Efficiency. The efficiency of residential furnaces is expressed as annual fuel utilization efficiency (AFUE), which accounts for actual operating conditions. In addition to steady state efficiency, this factor also includes on-and-off cycling, the energy embodied in combustion air, and jacket losses. The minimum AFUE available is set by federal law for most furnace types at 78 percent. The highest AFUE units available are slightly less than 98 percent efficient. To obtain the AFUE of any given furnace, look at the yellow-and-black "EnergyGuide" label on the furnace (Figure 2), check the Directory of Certified Product Performance from the Air-Conditioning, Heating, and Refrigeration Institute (AHRI), or consult the manufacturer's literature.
Figure 2: Furnace efficiency label
The U.S. Federal Trade Commission requires that gas furnaces listed by the Gas Appliance Manufacturers Association carry this label. In addition to showing the unit's annual fuel utilization efficiency (AFUE), it also shows how that furnace compares to other brands in the same input range.
Combustion air source. Furnaces may draw the air they require for combustion from either inside the heated space or directly from outside. Drawing air directly from outside, typically through a plastic pipe that protrudes through an outside wall, is both more efficient and safer. Sometimes this method is referred to as sealed combustion, because the gas is burned in a chamber that is closed to occupied space.

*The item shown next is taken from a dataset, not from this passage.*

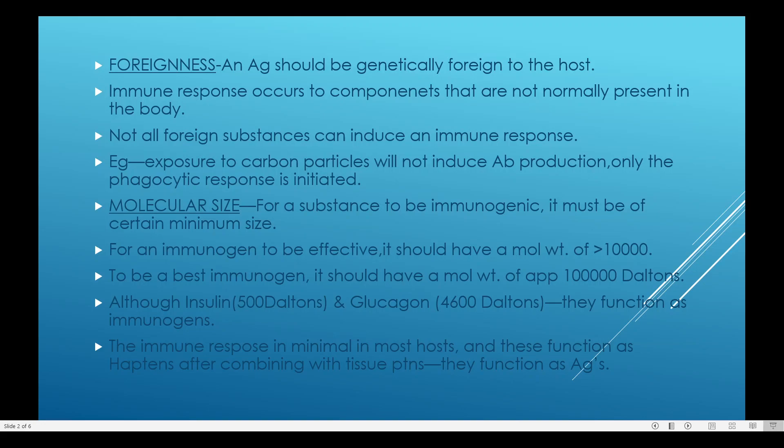Immune response occurs to components that are not normally present in the body. Not all foreign substances can induce an immune response. For example, exposure to carbon particles will not induce antibody production. Only the phagocytic response is initiated.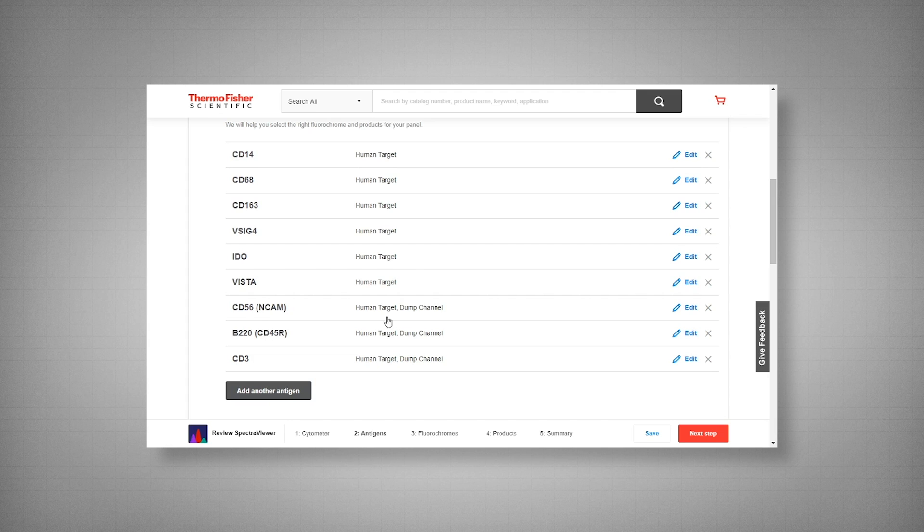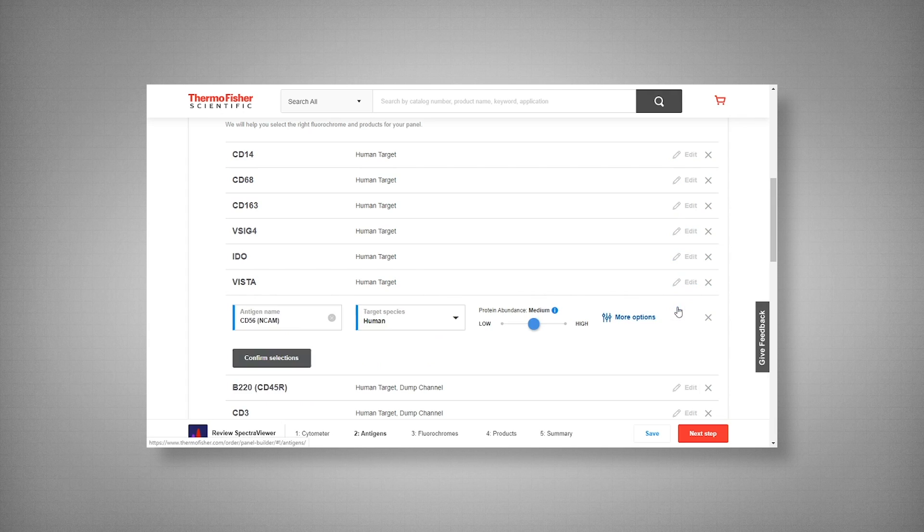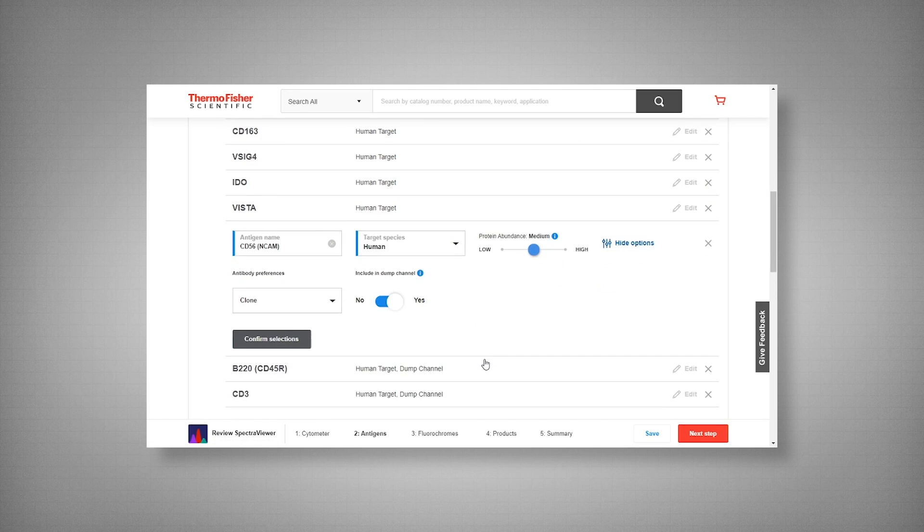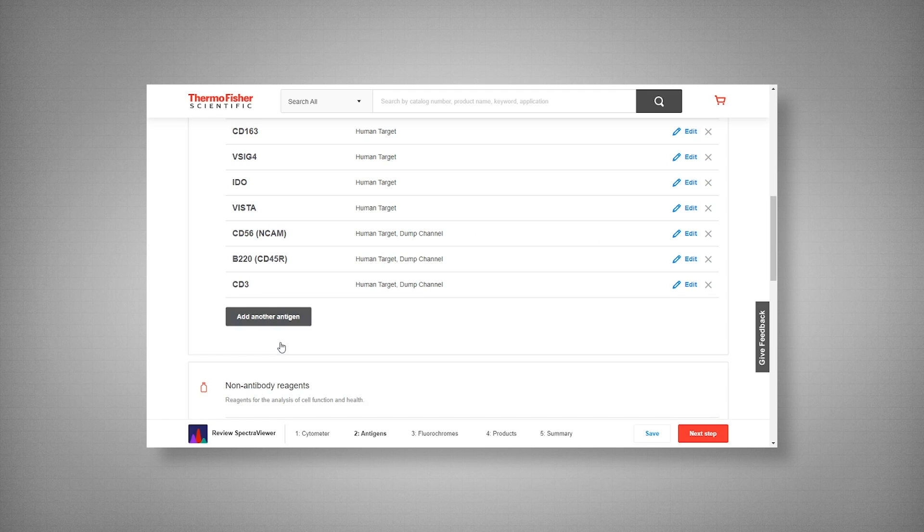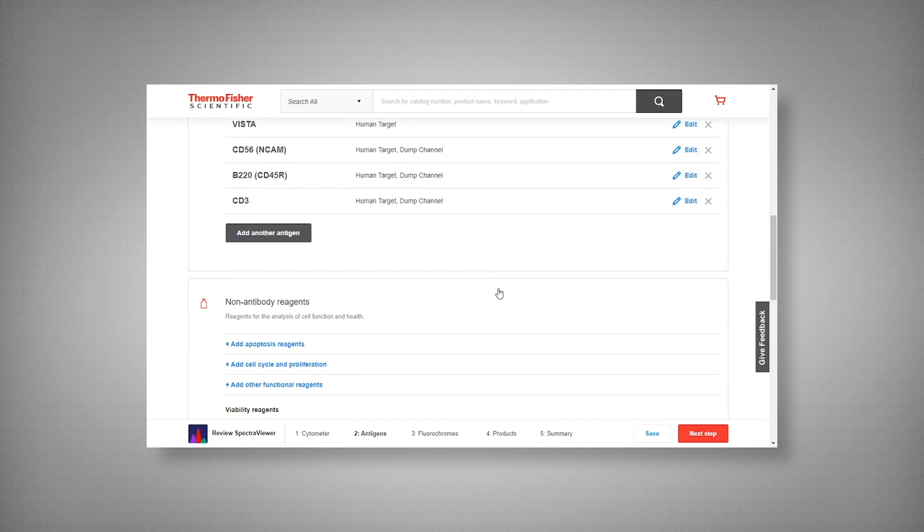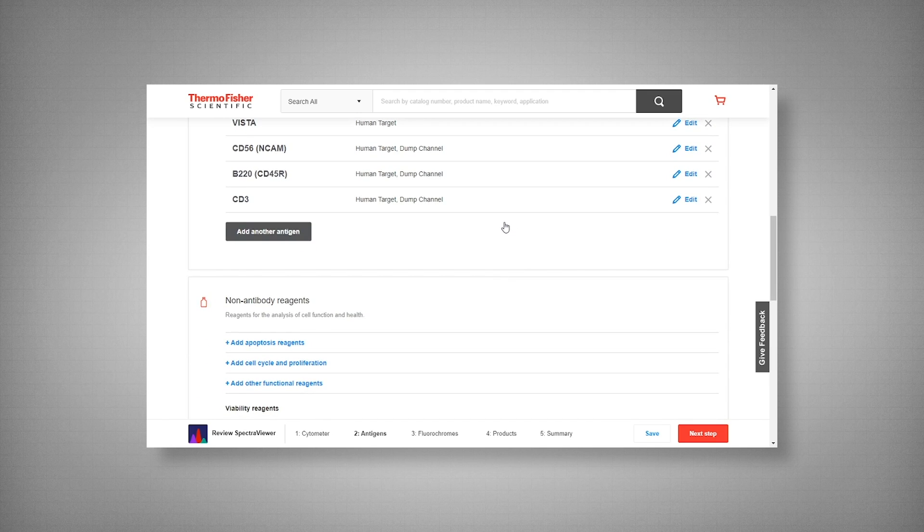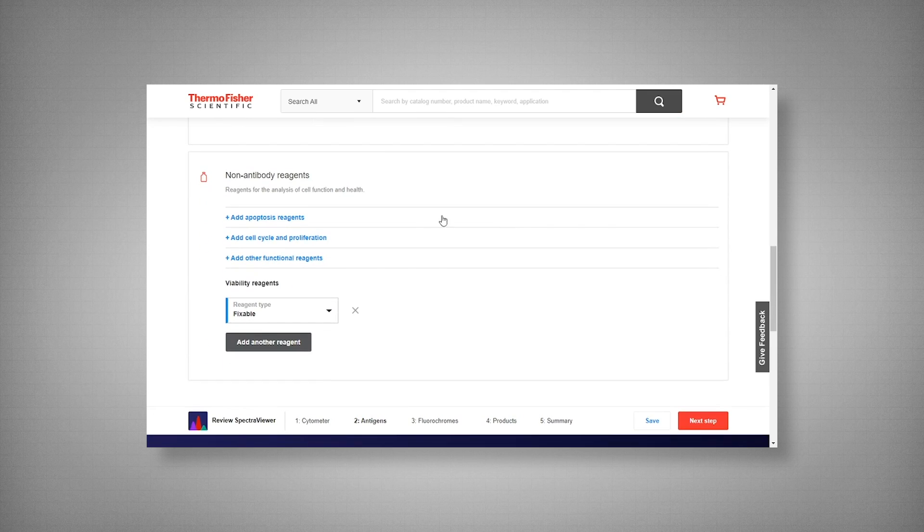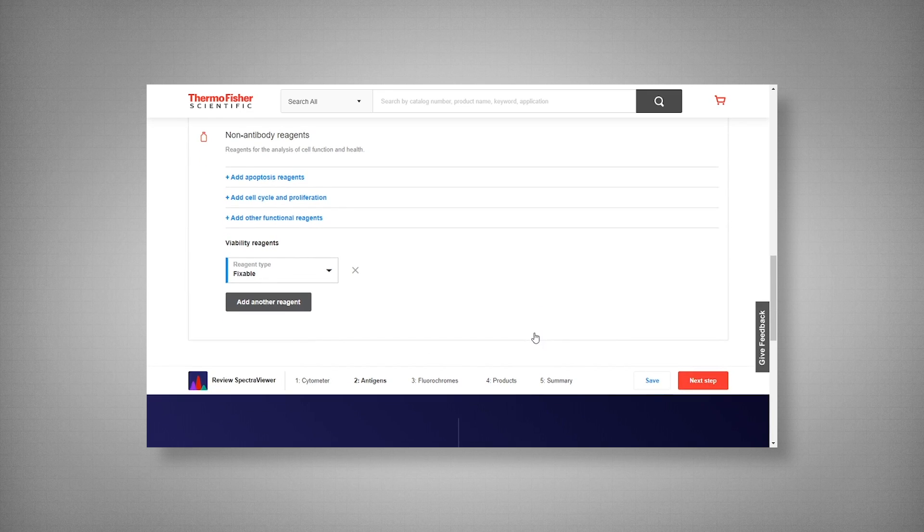Now to set your target into the dump channel, you simply go to edit, more options, and there's a yes, no toggle. Pretty simple here. Once you've said yes, I would like to include this in my dump channel, you go ahead and confirm your selection. And move on to the next step, which is adding your non-antibody reagents. And here I will be using a fixed viability dye.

This arrangement virtually eliminates any risk that combustion gasses could leak into occupied space. It does, however, require some complicated installation techniques, so check the manufacturer's installation instructions carefully.
Blower speed control. Most furnace blowers operate at a constant speed. Although that speed may be adjusted by changing wiring configurations, during furnace operation the speed never varies. Premium-efficiency furnaces, however, feature blower motors that sense how much airflow is required at any given moment and modify fan speed accordingly. Not only do these furnaces save electricity, but they are also much quieter than their constant-speed counterparts.